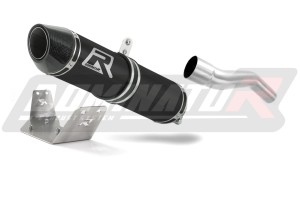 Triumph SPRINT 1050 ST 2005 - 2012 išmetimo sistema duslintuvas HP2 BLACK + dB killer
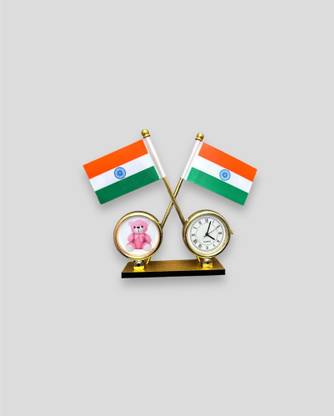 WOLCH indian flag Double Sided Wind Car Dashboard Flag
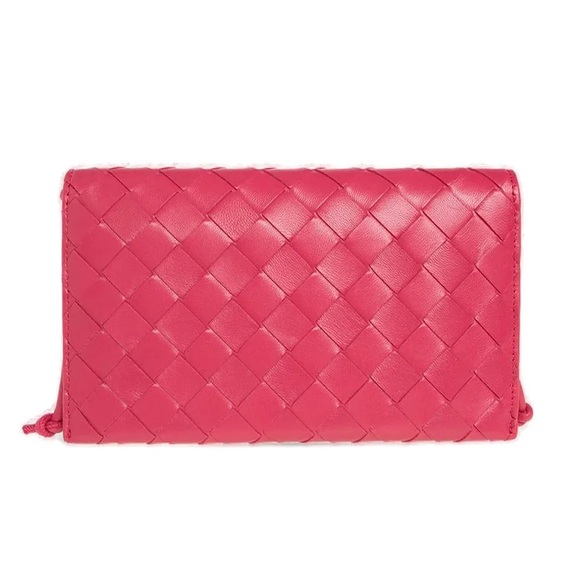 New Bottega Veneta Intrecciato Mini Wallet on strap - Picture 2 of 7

* * * * *

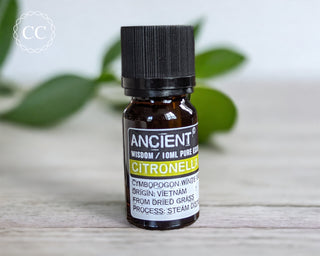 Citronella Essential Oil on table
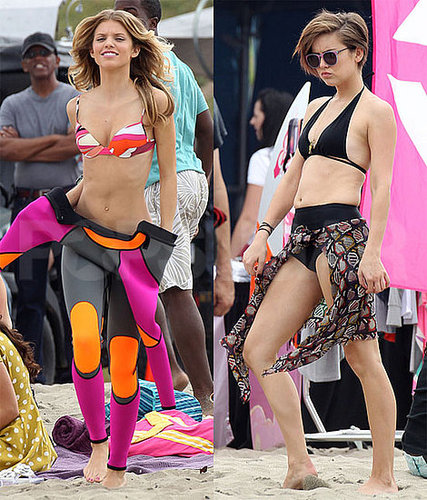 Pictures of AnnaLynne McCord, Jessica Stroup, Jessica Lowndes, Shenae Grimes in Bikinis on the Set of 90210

* * * * *

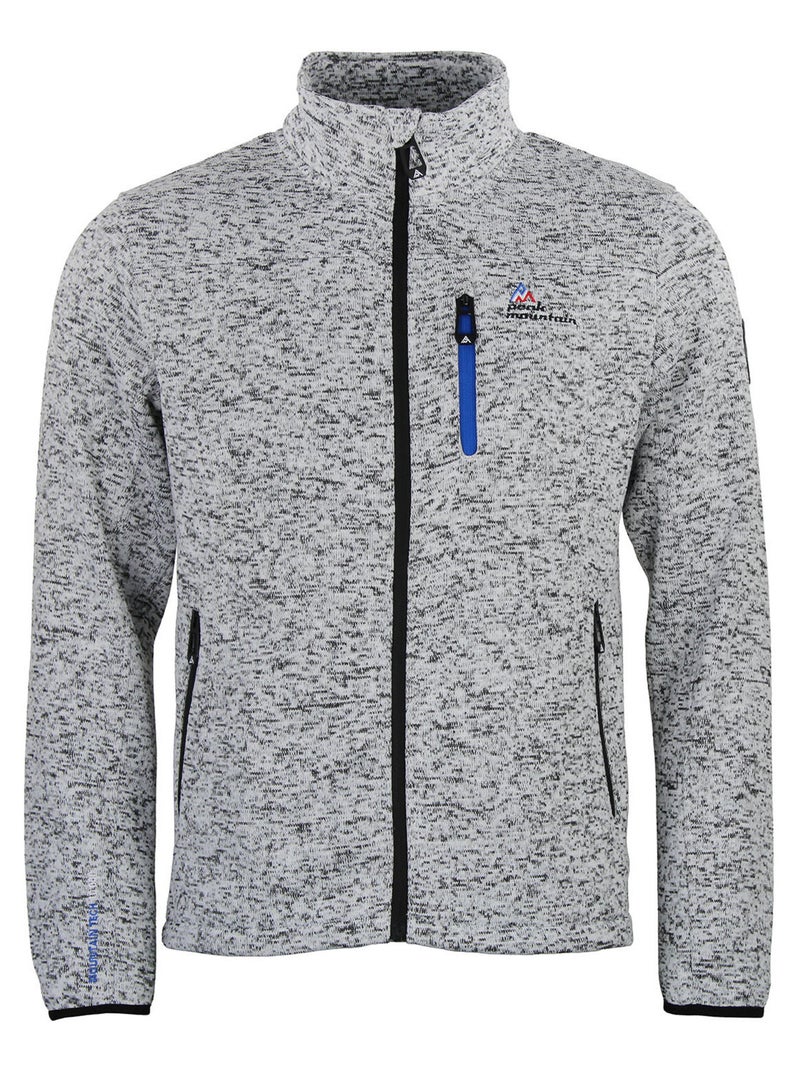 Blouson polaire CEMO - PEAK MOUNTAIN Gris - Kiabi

* * * * *

### [Exercise requirements]
Leave out every picture, and copy exactly the lines above starting at the one holding "Triumph SPRINT 1050" and ending at the one holding "New Bottega Veneta", no more and no less.

### [Result of the task]
 Triumph SPRINT 1050 ST 2005 - 2012 išmetimo sistema duslintuvas HP2 BLACK + dB killer
 WOLCH indian flag Double Sided Wind Car Dashboard Flag
 New Bottega Veneta Intrecciato Mini Wallet on strap - Picture 2 of 7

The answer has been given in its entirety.